How Beacon is Addressing Multi-Package Programming Environments and the Myth of the Golden Container

March 4, 2021
Kirat Singh

How Beacon is Addressing Multi-Package Programming Environments and the Myth of the Golden Container

One of the great things about cloud-based and open source software is how many options there are and how fast everything moves. That is also one of the most difficult things about it. Python, machine learning, data science, and other ecosystems that we work in are very diverse and move fast. Managing compatibility between containers, packages, and your own code is administrative overhead. Manage compatibility across your 400 developers and their competing needs can get out of hand very quickly.

The golden container

When we started Beacon, we thought that we could address this problem by providing a ‘golden container’ for everyone, carefully evaluating package compatibility and moving everyone forward together. This worked well initially, but became too confining as the needs of our clients grew and became more diverse. Since all our services are containers, we worked on a mechanism to build Docker images on the fly. We created templates that let you derive an image from a standard foundation and customize it for your needs. Now that you can build these on the fly, you can easily schedule tests against a new version to verify that it is compatible. You can run and evaluate applications, grid compute tasks, and batch jobs with this new ‘fork’. And once you have stabilized it, you can publish it to your team or end-users.

It was still hard to build an image from scratch. Since our ecosystem is primarily Python and C++ libraries, we built a package management framework based on Conda which encapsulates the Beacon Core environment and allows you to extend it. It ended up being super easy to then add things like Snowflake compatibility, C# language support, and GPU or machine learning packages as layers on top of our standard core environment. This then creates a very flexible and powerful package environment using layered containers that makes it easier for every client to operate at their optimal mix of consistency and independence. Clients can schedule containers onto elastic grid compute for a wide range of workloads, including application backends, batch jobs, or Python kernels within Jupyter or VSCode.

What the fork?

When you have multiple groups of developers, each with their own objectives, package dependencies, and sometimes working in different languages, trying to keep everyone in the same programming environment is unrealistic. As soon as one group needs the next version of a package, but that update breaks some older functions, people create different branches, or forks, in the code. This is often done with the best of intentions to bring everything back together after the next update. But after a few iterations of this, reconciling the number of branches becomes a herculean task, one that may slow or even stop new functionality from being implemented until it is complete. Since this is not an acceptable scenario for most firms in our industry, we needed to find another solution.

Adding layers of functionality

Working with the Conda package, dependency, and environment manager, we built a system of layered containers that delivers the flexibility of using different packages with the consistency of a common, tested environment for everyone. As developers add new packages or versions, we create additional containers for just the differences between your base environment and the additions. Workloads run in the minimum-acceptable layer, significantly improving operational stability. For example, functions that do not have additional packages or dependencies run in the base layer, while experimental ones run in a different layer.
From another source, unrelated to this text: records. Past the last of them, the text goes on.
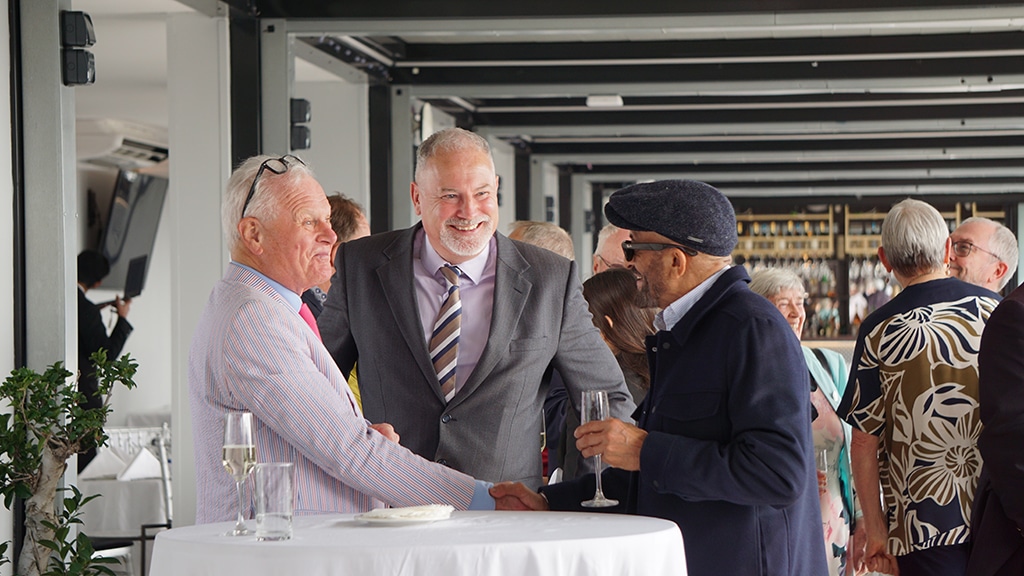 Three smiling men greet each other.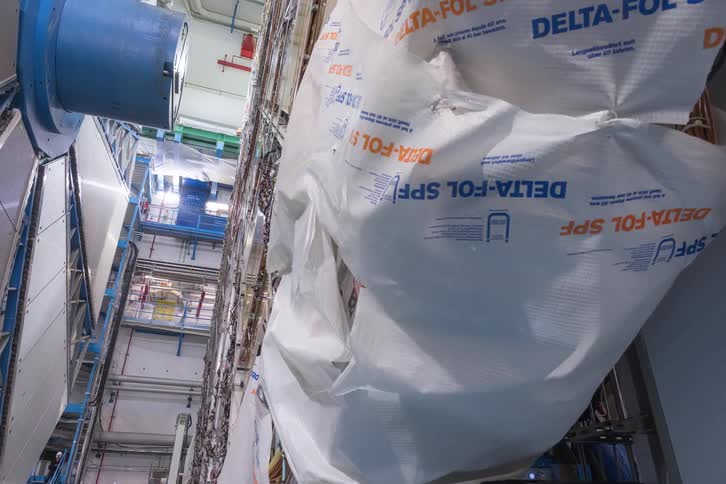 A motion-controlled time-lapse reveals the intricate details of a massive particle detector undergoing maintenance at a scientific research facility
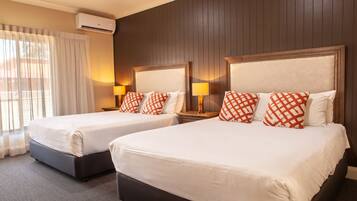 Two double beds with white linens and red and white checkered pillows, a wooden headboard, a nightstand with a lamp, and an air conditioning unit on the wall.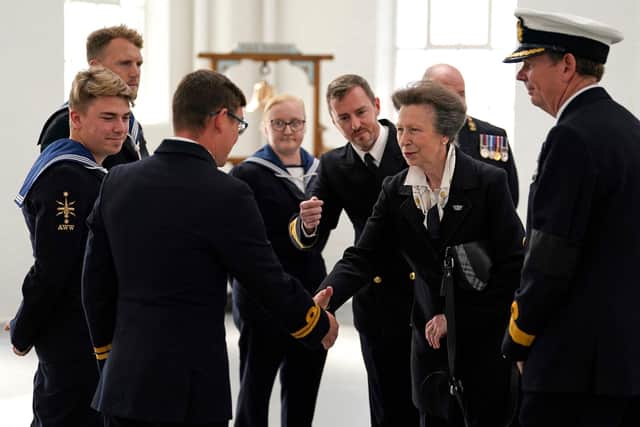 Britain's Princess Anne (2ndR), Princess Royal, as Commodore-in-Chief Portsmouth, meets with Royal Navy personnel, who took part in Queen Elizabeth II's funeral procession, at Portsmouth Naval Base on September 22, 2022. Photo by ANDREW MATTHEWS/POOL/AFP via Getty Images)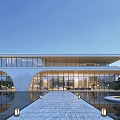 Modern Architectural Building With Large Glass Facade Reflective Pool And Stone Pathway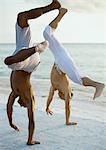 Two men turning cartwheels on beach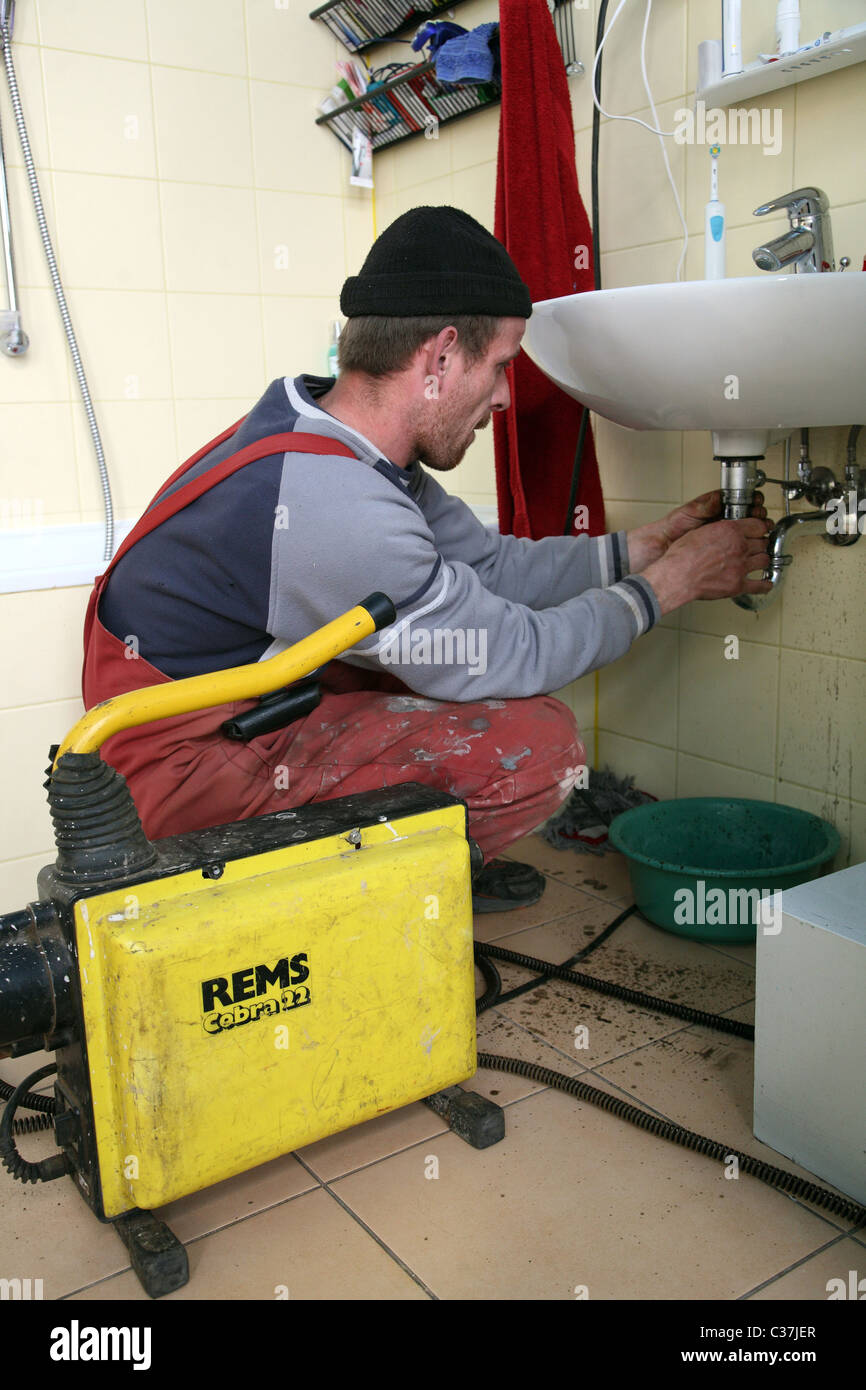 A plumber clearing a clogged drain Stock Photo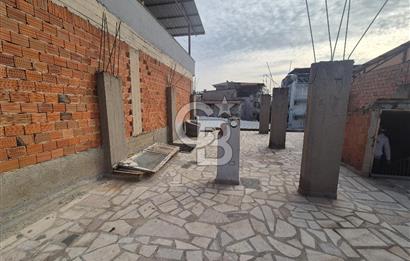 Bayraklı Tepekule Mahallesinde 100 m2 arsa için de 2 kat 2 daire.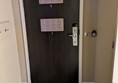 Image of a hotel room door from the interior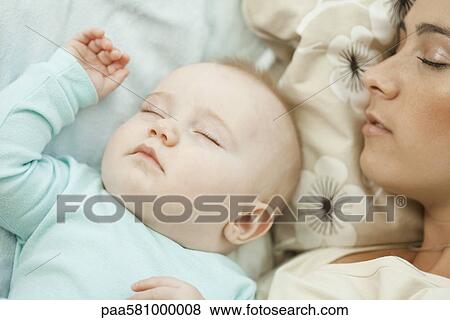 Baby napping with mother View Large Photo Image Stock Photo - Baby napping with mother. Fotosearch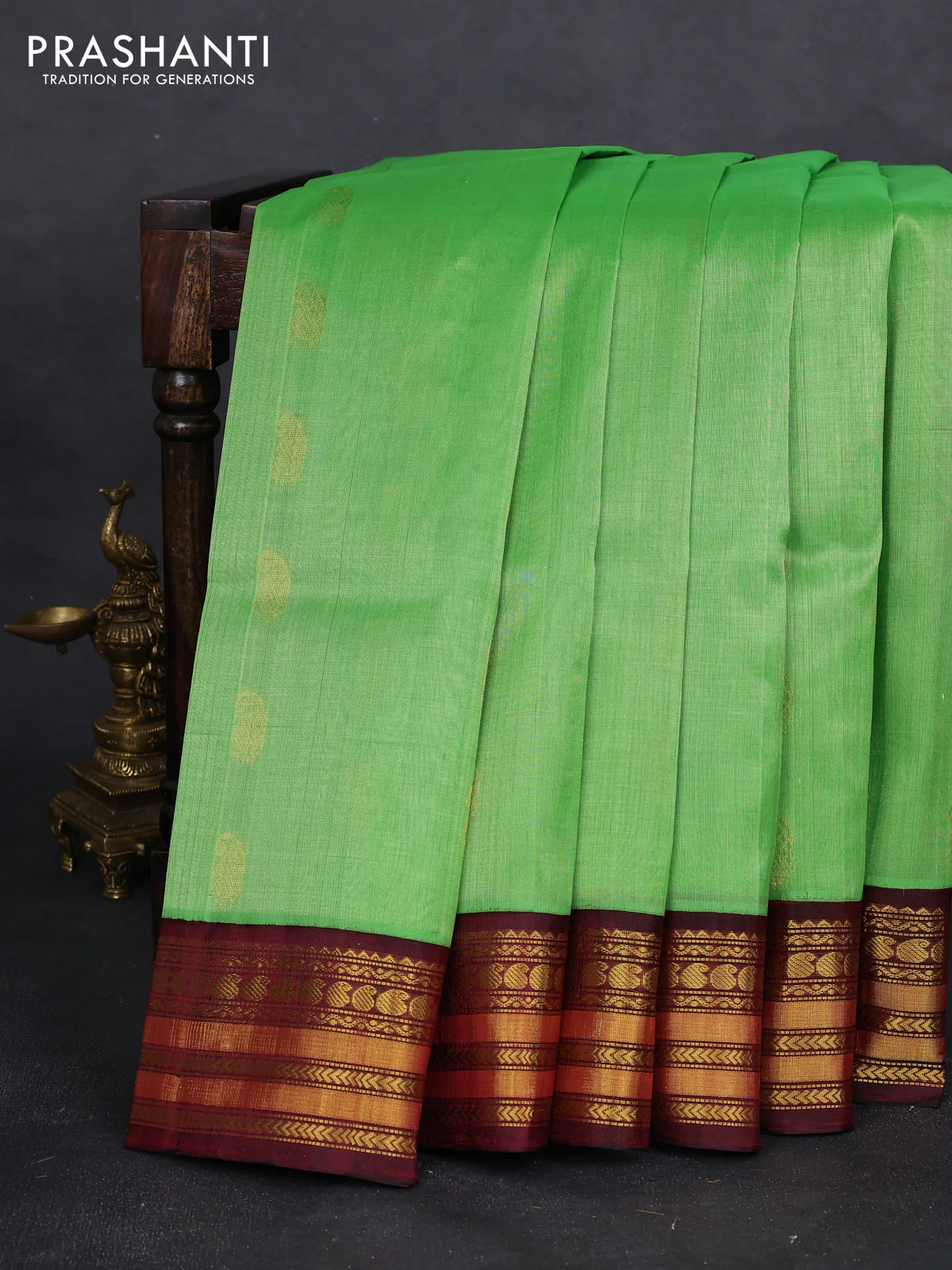 Kuppadam silk cotton saree light green and maroon with zari woven buttas and zari woven border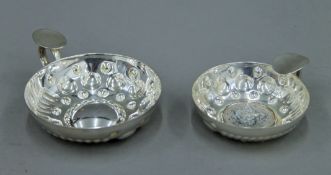 A small French silver wine taster (Augis-Lyon) and a larger French silver plated wine taster.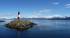 A lighthouse looks out across the water to Argentina's snowy peaks - a must see on our Argentina tou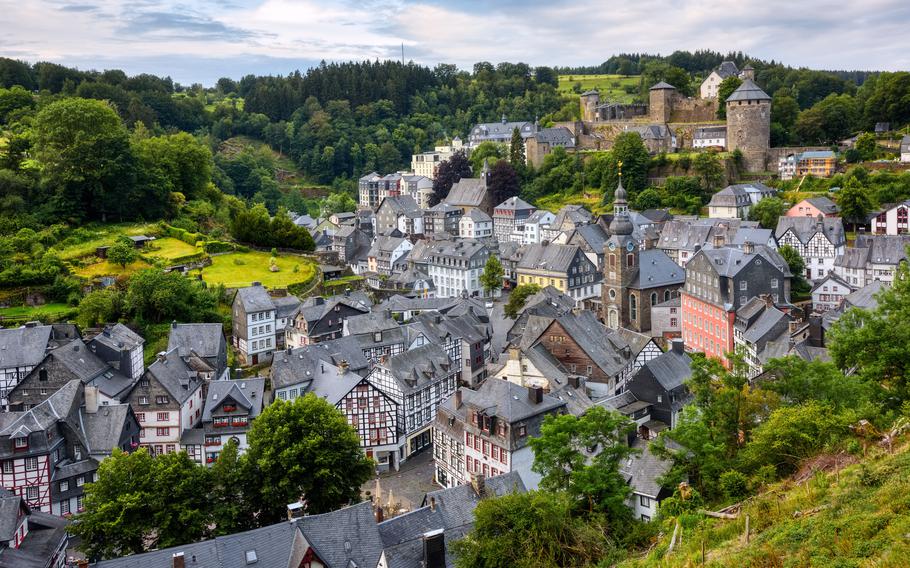 Historical Monschau town in the hills of the Eifel region, Germany, famous for its medieval slate roof, half-timbered houses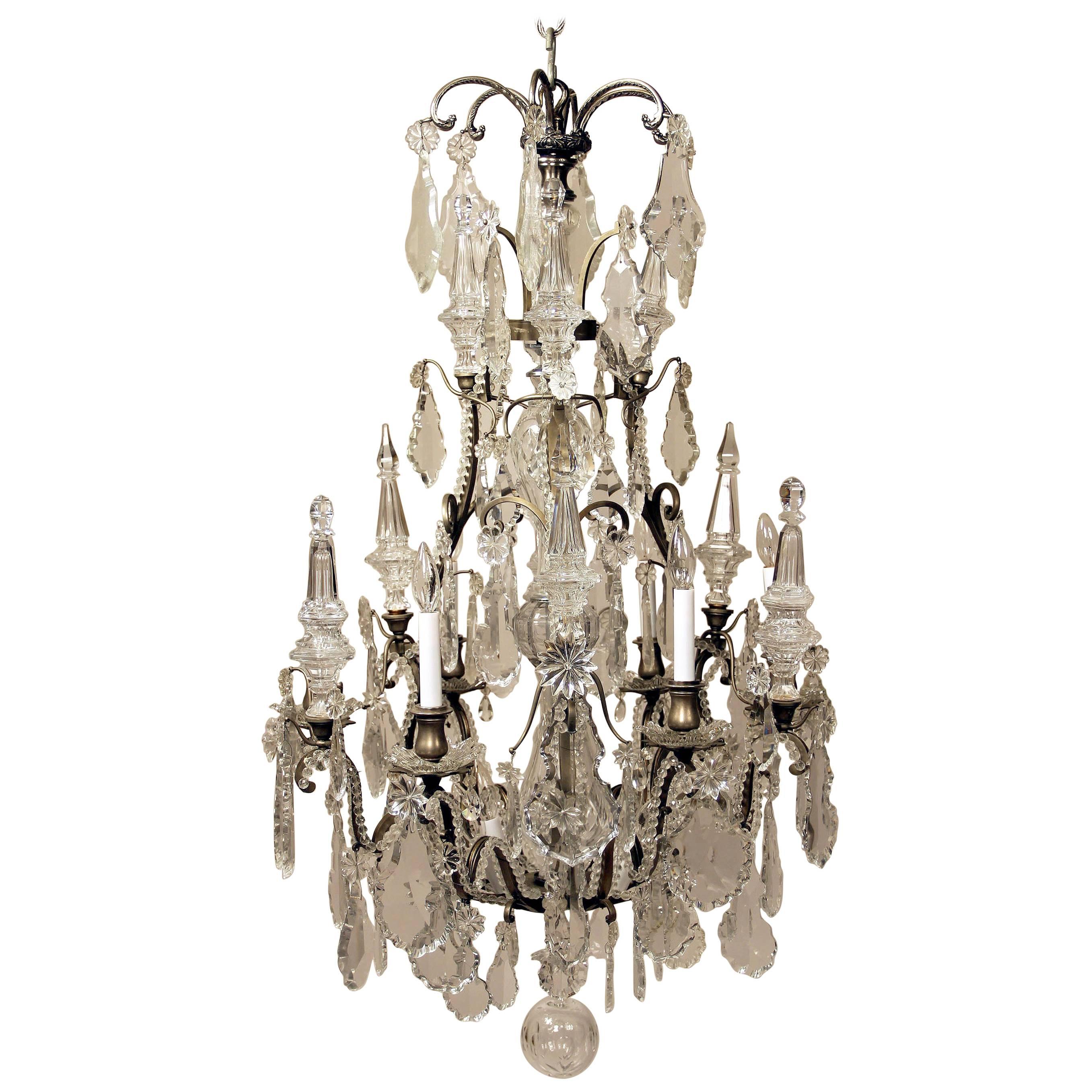 Late 19th Century Silvered Bronze and Baccarat Crystal Twelve-Light Chandelier For Sale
Container layers are completely independent and isolated from one another, allowing developers to direct functions to a specific container and quickly test in a variety of different environments. For example, new or updated functions can be quickly tested against the production environment. Or experimental functions with unique dependencies can be quickly deployed and called from within production code, without affecting overall stability or having to re-test everything. This layered container model can greatly boost development speed and agility, without affecting overall performance or stability. Firms can get new and updated analytics to the front office faster, and more easily introduce experimental features such as machine learning.

Layers also provide other benefits

Beacon’s layered container architecture provides some additional useful benefits. Conda’s dependency management is very finely focused, only installing updates that are needed, and providing users with details and control over cascading dependencies, such as version control and conflict avoidance. This improves stability and reduces the likelihood of introducing unintended consequences.

Organizations can define environments for specific uses. For example, in addition to the base packages used in production, each developer can be given a standard configuration of so many CPUs, so much RAM. Or exploratory options can provide easy access to different hardware, types and versions of operating systems, GPUs, languages, and other valuable variations. Beacon also supports Docker Compose, for running multiple related containers in an isolated network stack, and is infrastructure agnostic to support your choice of cloud computing service.

Turning myth into reality

We did not find the golden container, but we think that our quest has turned up something much better. Combining flexible layers of containers with sophisticated package management provides everyone in the organization with the environment they need. Developers can safely experiment with a wide variety of packages and environments. And production gets control and stability without having to constantly manage compatibility for everyone.